Suppose we have a circular directed graph as in the picture on the right. From the symmetry it follows that the page ranks of all the nodes should be equal. Since the PageRanks should add up to $1$, it follows that $$P_i=1/4,i=1,2,3,4.$$

Now, suppose whoever controls node 4 changes the link from 1 to 2. Then we have the second graph on the right. Then $$P_1=(1-\epsilon )+\epsilon /4,$$ $$P_2=(1-\epsilon )[P_4+P_1]+\epsilon /4,$$ $$P_3=(1-\epsilon )[P_2]+\epsilon /4,$$ $$P_4=(1-\epsilon )[P_3]+\epsilon /4.$$ The result is a system of linear equations. One can plug this into Mathematica or similar algebra system to find the the exact solution. However, even without it we know that $$P_2>\epsilon /4=P_1.$$ So, someone who controls nodes 4 can move node 2 above node 1 at will.

To experiment with ideas like this I've created this little spreadsheet. The formula comes from the original Page/Brin paper from 1998.

Suppose we have these ten "pages": A, B, ..., J. They are listed in the table as both rows and columns. The links are the entries in the table.
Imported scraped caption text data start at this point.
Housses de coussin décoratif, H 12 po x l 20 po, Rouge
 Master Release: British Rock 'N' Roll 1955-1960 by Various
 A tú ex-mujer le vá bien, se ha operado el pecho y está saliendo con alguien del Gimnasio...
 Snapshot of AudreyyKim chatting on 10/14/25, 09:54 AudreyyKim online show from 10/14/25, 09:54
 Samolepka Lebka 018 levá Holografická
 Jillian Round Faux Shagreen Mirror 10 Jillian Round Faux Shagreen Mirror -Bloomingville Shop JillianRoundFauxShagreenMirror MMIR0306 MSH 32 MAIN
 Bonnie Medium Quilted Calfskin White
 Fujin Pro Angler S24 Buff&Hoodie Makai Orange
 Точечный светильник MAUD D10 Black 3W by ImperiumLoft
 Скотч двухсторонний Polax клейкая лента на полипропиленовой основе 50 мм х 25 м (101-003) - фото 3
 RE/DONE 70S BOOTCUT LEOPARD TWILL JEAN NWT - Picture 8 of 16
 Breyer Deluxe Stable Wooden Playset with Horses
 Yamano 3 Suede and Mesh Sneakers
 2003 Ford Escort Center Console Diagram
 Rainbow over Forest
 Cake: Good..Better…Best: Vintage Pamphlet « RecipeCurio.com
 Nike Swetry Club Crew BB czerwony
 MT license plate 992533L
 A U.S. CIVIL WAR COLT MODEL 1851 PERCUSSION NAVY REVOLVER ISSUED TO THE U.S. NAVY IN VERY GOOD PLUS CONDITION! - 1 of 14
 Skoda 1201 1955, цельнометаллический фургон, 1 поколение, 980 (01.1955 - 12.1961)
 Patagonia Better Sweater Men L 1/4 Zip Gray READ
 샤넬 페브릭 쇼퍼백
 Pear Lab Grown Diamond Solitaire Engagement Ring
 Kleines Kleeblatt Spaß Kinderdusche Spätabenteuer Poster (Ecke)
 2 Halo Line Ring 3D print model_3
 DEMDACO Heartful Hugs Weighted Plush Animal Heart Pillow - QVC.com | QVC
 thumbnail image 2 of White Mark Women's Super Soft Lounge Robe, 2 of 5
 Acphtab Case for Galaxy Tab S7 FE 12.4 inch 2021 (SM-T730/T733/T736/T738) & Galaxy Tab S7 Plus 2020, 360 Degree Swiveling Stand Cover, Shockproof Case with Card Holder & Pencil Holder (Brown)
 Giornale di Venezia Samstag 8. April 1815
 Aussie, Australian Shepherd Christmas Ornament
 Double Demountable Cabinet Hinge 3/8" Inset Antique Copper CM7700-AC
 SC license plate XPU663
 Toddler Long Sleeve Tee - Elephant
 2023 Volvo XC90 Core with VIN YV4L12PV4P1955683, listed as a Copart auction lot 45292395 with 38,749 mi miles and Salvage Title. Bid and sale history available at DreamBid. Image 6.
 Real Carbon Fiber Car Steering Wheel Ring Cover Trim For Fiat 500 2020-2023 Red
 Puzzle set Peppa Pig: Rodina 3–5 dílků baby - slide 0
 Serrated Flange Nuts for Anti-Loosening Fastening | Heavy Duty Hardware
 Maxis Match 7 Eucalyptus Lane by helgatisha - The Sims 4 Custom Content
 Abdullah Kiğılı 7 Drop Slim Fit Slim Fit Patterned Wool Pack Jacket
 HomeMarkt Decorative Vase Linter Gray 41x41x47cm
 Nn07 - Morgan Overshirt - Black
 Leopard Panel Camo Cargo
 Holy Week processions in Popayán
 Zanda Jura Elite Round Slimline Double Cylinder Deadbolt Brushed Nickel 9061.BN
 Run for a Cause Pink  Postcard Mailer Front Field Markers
First we suppose that they link to each other consecutively: A → B → C → ... → J.

The PageRank scores, as well as the positions, of the pages are computed and displayed on the right. The scores for A, ..., J are increasing in the obvious way: from 0 to .1. In particular, F is #5.

Next, suppose F adds a link to A: F → A. You can see that 1 has appeared in the first column of the table:

Now, suddenly F ranks first!